The outermost stellar halo of NGC 5128 (Centaurus A): Radial structure^⋆

¹ European Southern Observatory, Karl-Schwarzschild Strasse 2, 85748 Garching, Germany
e-mail: mrejkuba@eso.org
² Department of Physics and Astronomy, McMaster University, Hamilton, ON L8S 4M1, Canada
³ INAF, Osservatorio Astronomico di Padova, Vicolo dell’Osservatorio 5, 35122 Padova, Italy
⁴ University of Tampa, Department of Chemistry, Biochemistry, and Physics, 401 West Kennedy Boulevard, Tampa, FL 33606, USA
⁵ Department of Physics and Astronomy, University of Waterloo, Waterloo, ON N2L 3G1, Canada

Received: 19 May 2021
Accepted: 24 September 2021

Abstract

Context. The extended stellar halos of galaxies contain important clues for investigating their assembly history and evolution.

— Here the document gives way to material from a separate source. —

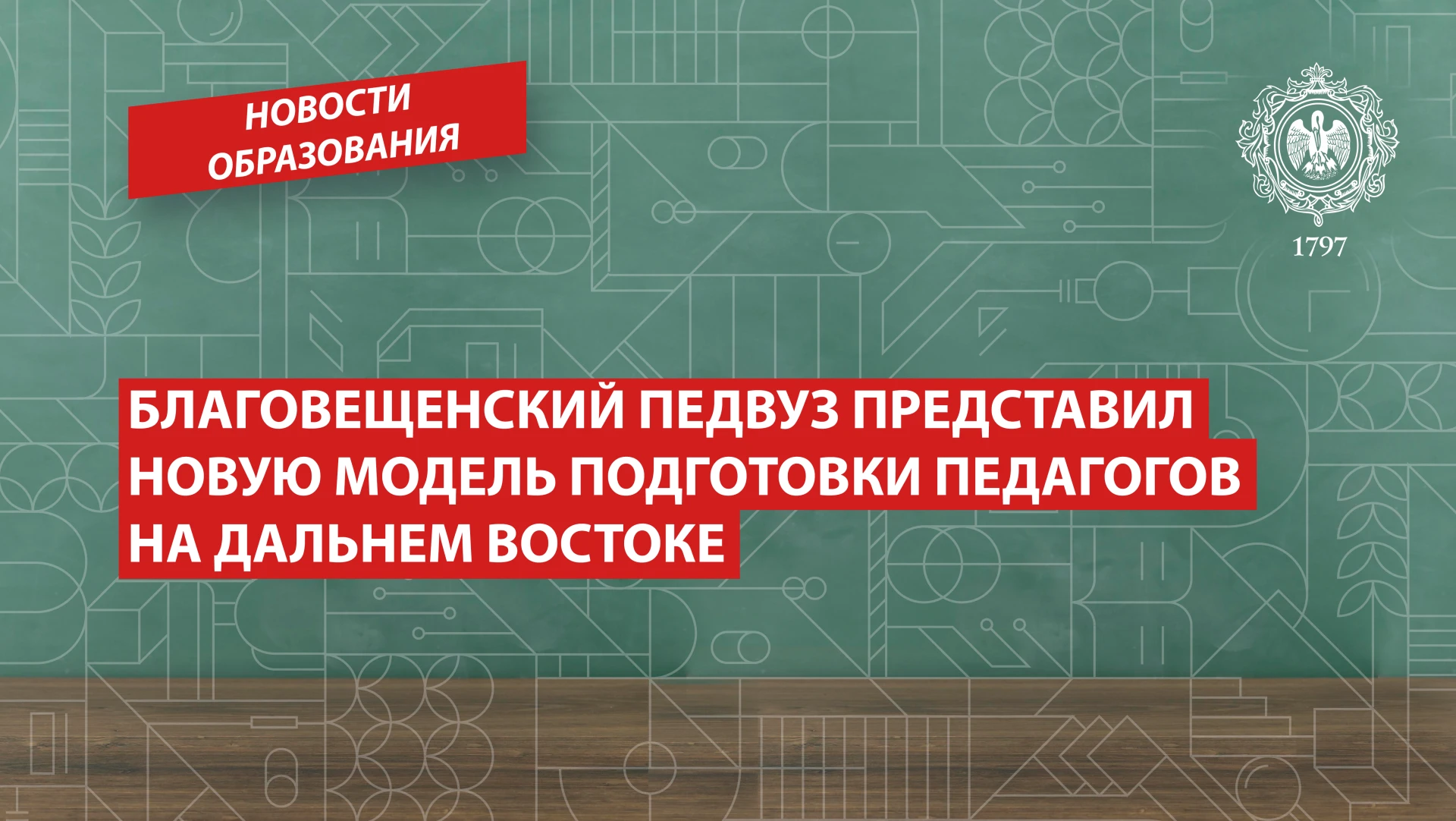 Благовещенский педвуз представил новую модель подготовки педагогов на Дальнем Востоке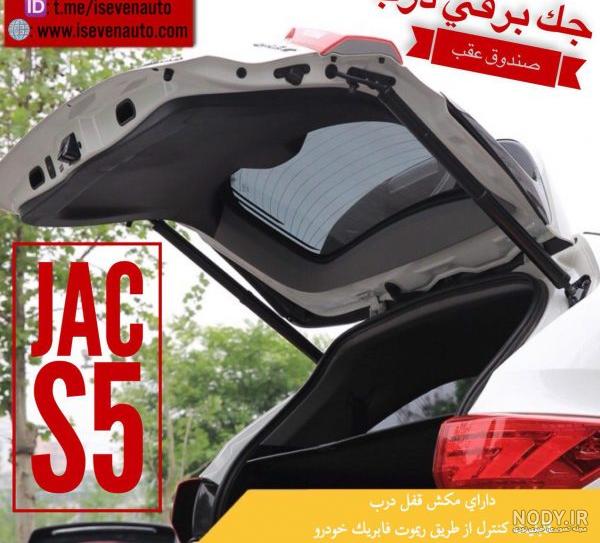 جک s3 قیمت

Aims. We investigate the resolved stellar content and the extended halo of NGC 5128 as a function of galactocentric distance, and trace the halo outward to its currently detectable limits.

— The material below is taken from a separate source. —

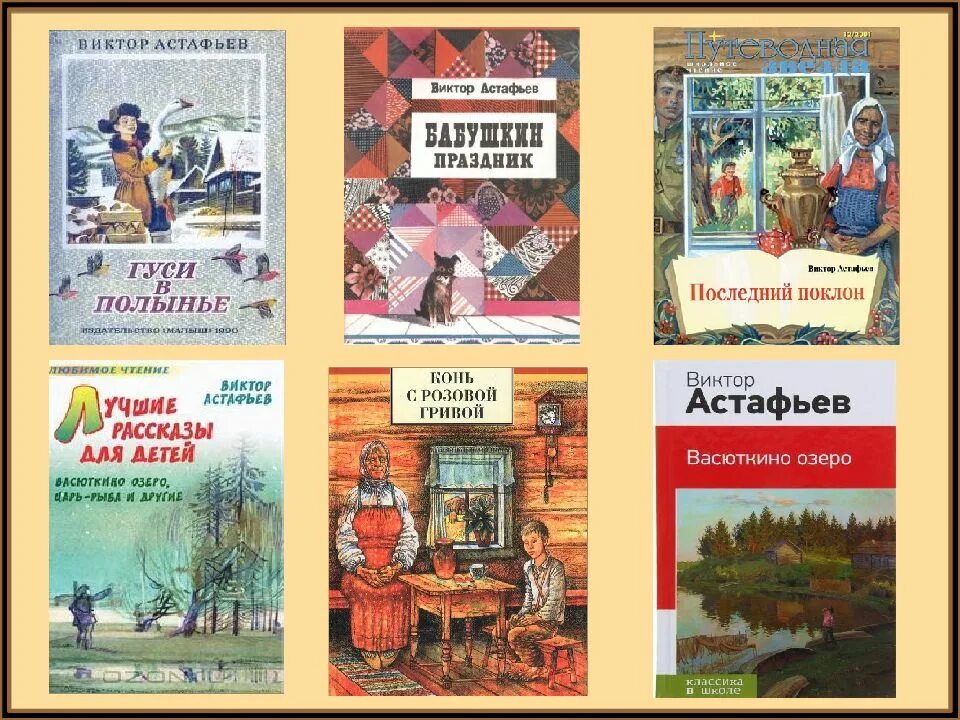 Произведения Астафьева книги. Произведения в п Астафьева для детей.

Methods. We used Hubble Space Telescope images obtained with the WFPC2, ACS, and WFC3 cameras equipped with F606W and F814W filters to resolve individual red giant branch (RGB) stars in 28 independent pointings across the halo of NGC 5128. The stellar halo analysis for 14 of these pointings is presented here for the first time. Star counts from deep VI color-magnitude diagrams reaching at least 1.5 mag below the tip of the RGB are used to derive the surface density distribution of the halo. The contamination by Milky Way stars is assessed with a new control field, with models, and by combining optical and near-IR photometry.

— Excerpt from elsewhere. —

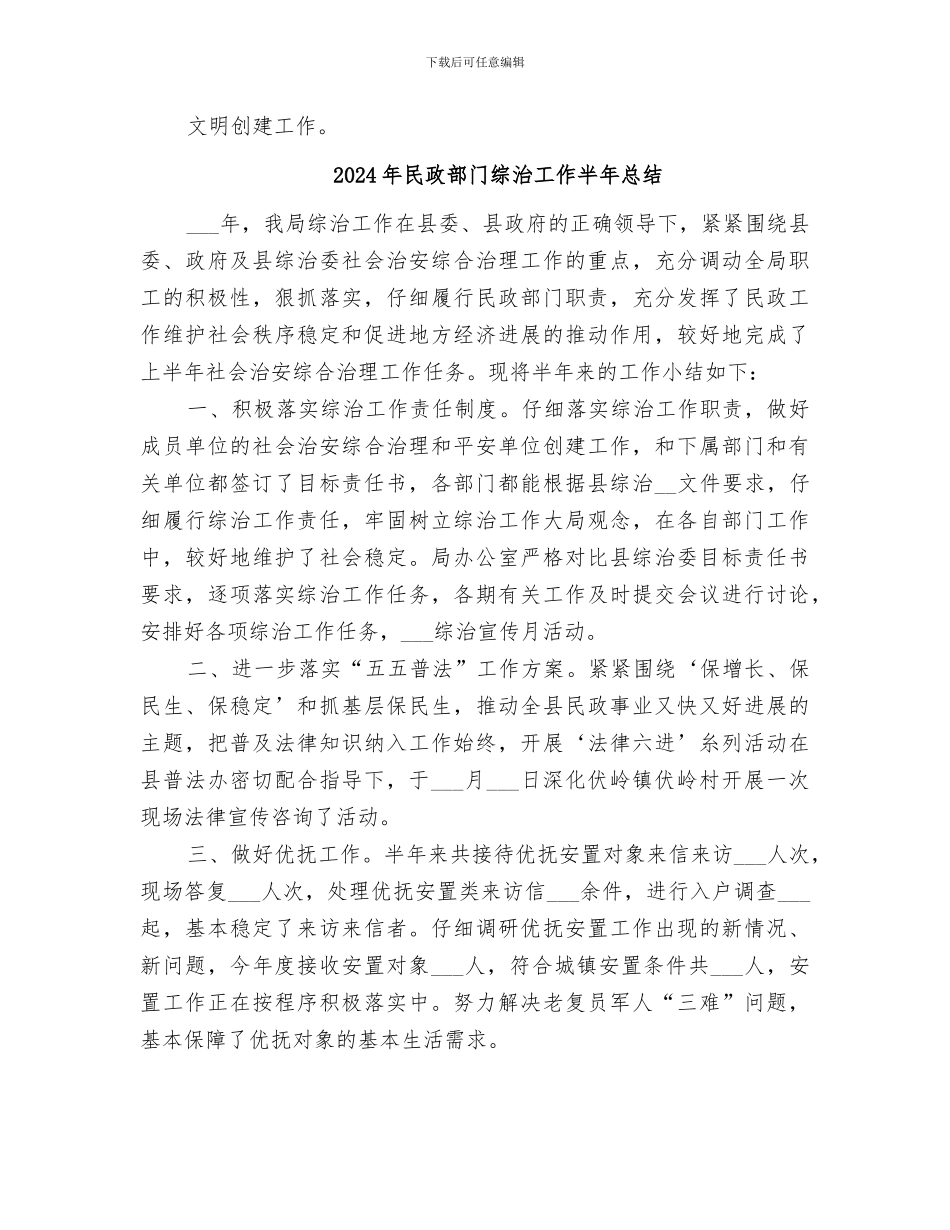 2024年民政部门招商引资工作年度总结_第2页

Results. We present a new calibration of the WFC3 F606W + F814W photometry to the ground-based VI photometric system. The photometry shows that the stellar halo of NGC 5128 is dominated by old RGB stars that are present in all fields. The V-band surface brightness of fields changes from 23 to 32 mag arcsec⁻² between the innermost field only 8.3 kpc from the galaxy center to our outermost halo fields, which are located 140 kpc away from the center along the major axis and 92 kpc along the minor axis. Within the inner ∼30 kpc, we also find evidence for a 2 − 3 Gyr old population traced by asymptotic giant branch stars that are brighter than the tip of the RGB. This population contributes only up to 10% in total stellar mass if it is 2 Gyr old, but a larger fraction of 30 − 40% is required if its age is 3 Gyr. The stellar surface density profile is well fit by a classic r^1/4 curve or a simple power-law form ∼r^−3.1 over the full radial range, with no obvious break in the slope, but with large field-to-field scatter. The ellipticity measured from integrated-light photometry in the inner parts, e = (b/a) = 0.77, flattens to e = 0.54 ± 0.02 beyond 30 kpc. Considering the flattening of the outer halo, the projection of the elliptical isophote on the semimajor axis for our most distant field reaches nearly 30 effective radii.